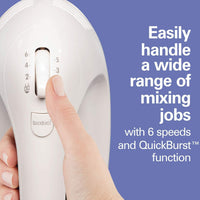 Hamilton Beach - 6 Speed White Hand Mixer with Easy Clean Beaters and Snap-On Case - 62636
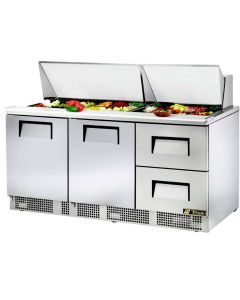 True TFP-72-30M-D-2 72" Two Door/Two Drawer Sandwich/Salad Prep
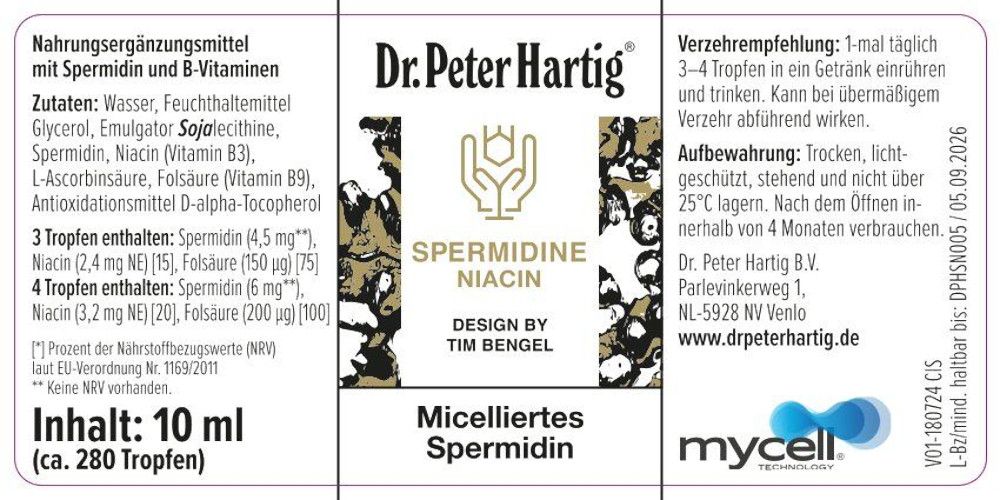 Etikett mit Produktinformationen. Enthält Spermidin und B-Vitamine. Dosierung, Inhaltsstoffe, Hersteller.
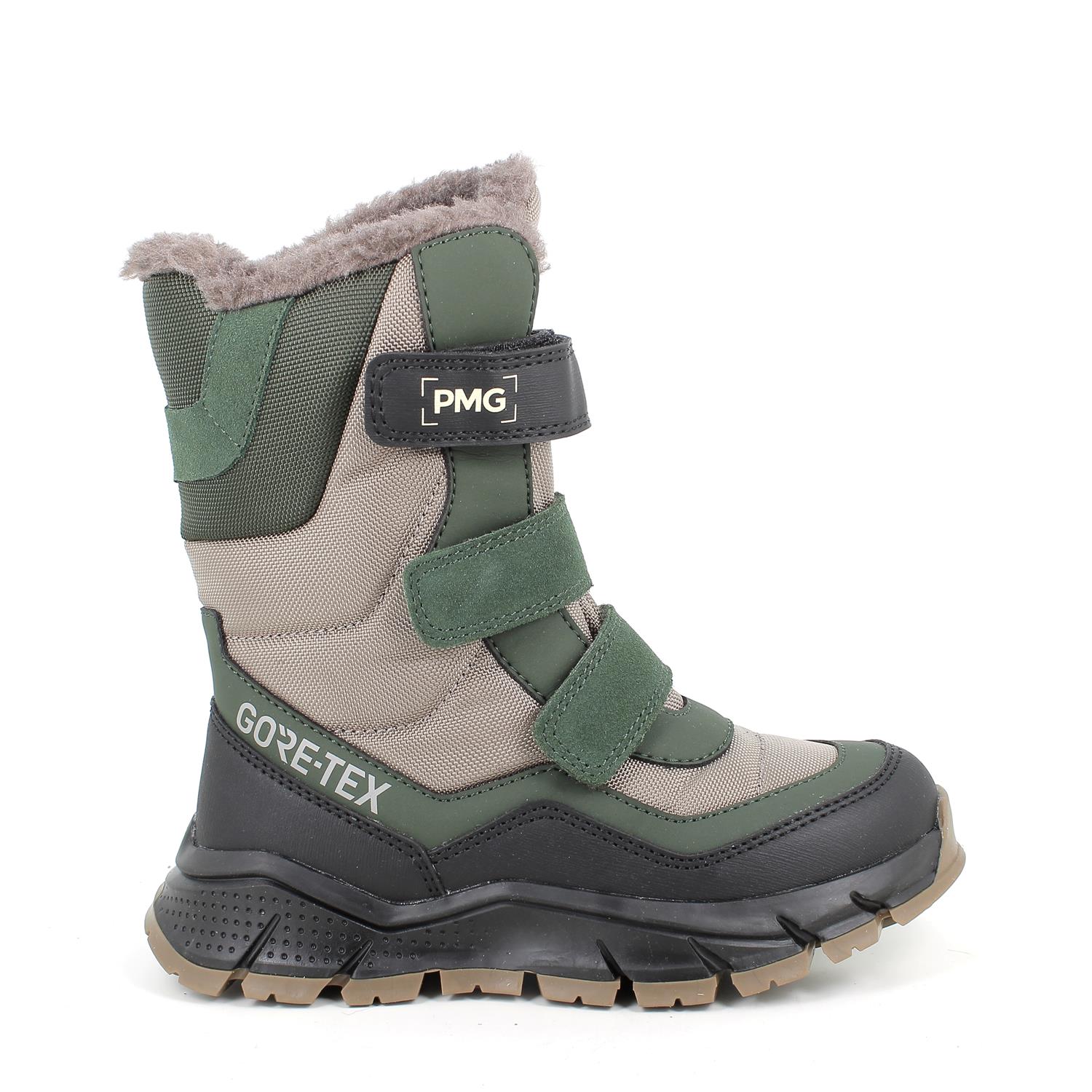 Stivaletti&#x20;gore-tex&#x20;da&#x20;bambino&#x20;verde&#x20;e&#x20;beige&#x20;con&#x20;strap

▶ **Work instruction**
Make an exact copy of the listing, with no images in it.

▶ **Result**
 Hamilton Beach - 6 Speed White Hand Mixer with Easy Clean Beaters and Snap-On Case - 62636
 True TFP-72-30M-D-2 72" Two Door/Two Drawer Sandwich/Salad Prep
 Etikett mit Produktinformationen. Enthält Spermidin und B-Vitamine. Dosierung, Inhaltsstoffe, Hersteller.
 Stivaletti&#x20;gore-tex&#x20;da&#x20;bambino&#x20;verde&#x20;e&#x20;beige&#x20;con&#x20;strap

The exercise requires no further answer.